Le sens des affaires

Pour réussir à ce niveau, il faut un fantastique sens des affaires, mais Pierre Meyer a toujours respecté des règles qu’il s’est fixées lui-même : « On a toujours investi dans la qualité de l’outil de travail, mais aussi du spectacle ». Il y a huit ans, il est le premier à se payer un mur de LED pour le fond de scène, pour y projeter des images de grande qualité. Aujourd’hui il y a 25 mètres d’écran, 7 de hauteur, un investissement d’un million deux cent mille euros qui permet d’imaginer des spectacles très modernes et interactifs avec la quarantaine d’artistes du music-hall qu’il engage chaque saison. 

Pierre Meyer a l’œil malicieux et la gentillesse gravée sur le visage. Il a l’air si calme au milieu de son royaume. Le calme dans les tempêtes, car on les imagine volontiers les moments difficiles, forcément, il y en a dans toutes les vies, et encore plus dans les vies de folie, les vies qui n’arrêtent jamais. Il se souvient de ces instants qui arrivent quand on ne s’y attend pas et qui donnent envie de tout lâcher. Après une émission de Mireille Dumas enregistrée chez lui, des hommes cagoulés et armés pénètrent dans sa maison, une heure quarante de violence.

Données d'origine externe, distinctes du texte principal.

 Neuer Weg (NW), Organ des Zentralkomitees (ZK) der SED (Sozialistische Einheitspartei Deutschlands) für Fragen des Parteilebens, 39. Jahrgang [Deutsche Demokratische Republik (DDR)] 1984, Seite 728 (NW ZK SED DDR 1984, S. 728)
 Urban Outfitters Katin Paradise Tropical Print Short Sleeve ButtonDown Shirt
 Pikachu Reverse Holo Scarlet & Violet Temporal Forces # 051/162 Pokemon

Un vrai traumatisme. Il y a aussi quelques histoires avec l’administration et « des envies de foutre le camp », dit-il, mais finalement, les feux de la rampe sont plus beaux que tout, et, 4 jours par semaine, les lumières se rallument, indéfiniment, depuis presque quatre décennies. 

Une famille nombreuse

Il est midi, en coulisse, les artistes se préparent ; quand le patron vient les embrasser, on sent la proximité, mais aussi le respect. Il est un peu le papa d’une grande famille. Tout le monde vit ici, nourri et logé. Pour Pierre Meyer, les relations avec les artistes sont essentielles, une raison d’être. Et cette ferveur, les artistes lui rendent bien, ils souhaitent rester, comme Audrey, la plus ancienne, fidèle depuis 20 ans : «Chaque année, tout le monde repasse le casting pour la saison suivante, c’est la règle. C’est le moment le plus désagréable. Au mois de mars, c’est le grand casting. Nous sommes une équipe, nous décidons ensemble, j’ai parfois des préférences, mais je n’impose rien», explique Pierre Meyer. 

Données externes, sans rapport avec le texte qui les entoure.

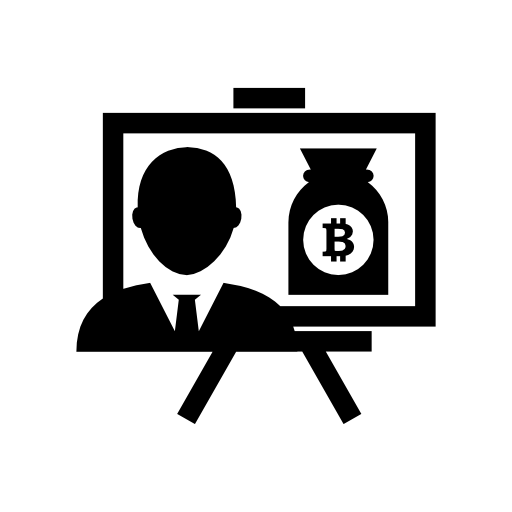 Bitcoin presentation with money bag symbol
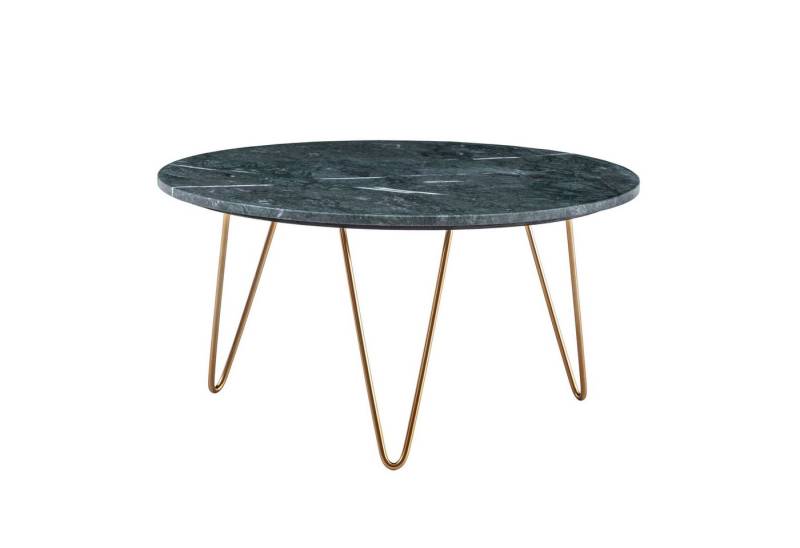 KADIMA DESIGN Couchtisch Couchtisch Echter Marmor Grün 70x70x35 cm Sofatisch Metall Gold, (Groß, Kaffeetisch Haarnadelbeine), Design Dreibein Wohnzimmertisch Rund Modern, Marmortisch Loungetisch von KADIMA DESIGN
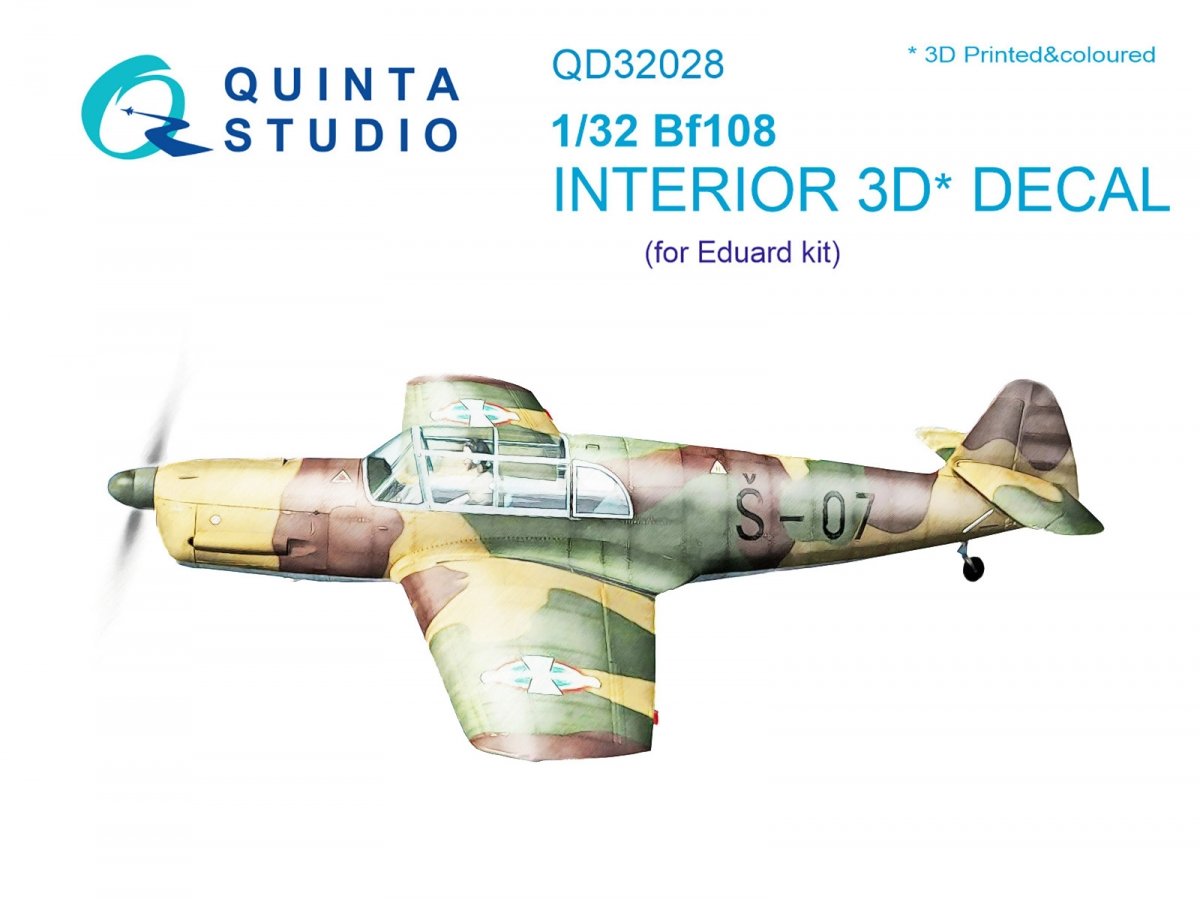 Intérieur imprimé en 3D et coloré sur papier décalcomanie Quinta Studio QD32028 Bf 108 (pour kit Eduard) 1/32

Quant aux shows, les numéros d’attractions, il va les chercher partout dans le monde. Il signe des contrats, deux ans à l’avance pour engager les meilleurs: « Pour moi, les numéros d’attractions sont très importants, comme le magicien Christian Farla qui fait apparaître une Ferrari, un hélicoptère. En général, dans une revue, vous avez deux numéros de ce genre, chez nous, il y en a sept. C’est ce qui coûte le plus cher, mais les gens en parlent ». 

La rage d’entreprendre

Pendant qu’il raconte cette folle aventure, mille personnes déjeunent, avant le spectacle prévu pour 14h30. Au menu, suprême de volaille avec son jus de truffes. Des volailles élevées en Alsace, c’est important pour lui ; il sait d’où elles viennent, combien de temps elles ont vécu en plein air. Un suprême de fête. Chaque année, il travaille avec son chef pour les menus de la saison suivante. D’ailleurs, ce jour-là, nous goûtons le foie gras nappé d’une gelée aux framboises qui sera servi à partir du mois de septembre. Une autre aventure, une autre folie qu’il faut déjà imaginer dans les moindres détails, comme depuis toujours. 

A-t-il déjà eu peur que tout s’arrête ? Il répond : « Parfois. Mais j’étais sûr de moi. Je sais qu’il faut bosser. Je ne suis jamais parti plus d’une semaine en vacances. C’est vraiment la rage d’entreprendre. Je crois qu’il faut être fou pour faire tourner cette machine. Il faut être impliqué 24h/24, observer, donner et partager, mais c’est le secret de la réussite. Quand les gens sortent d’ici, il faut qu’ils aient envie de revenir. » 

Pierre Meyer a gagné son pari, une fois encore, le rideau s’ouvre.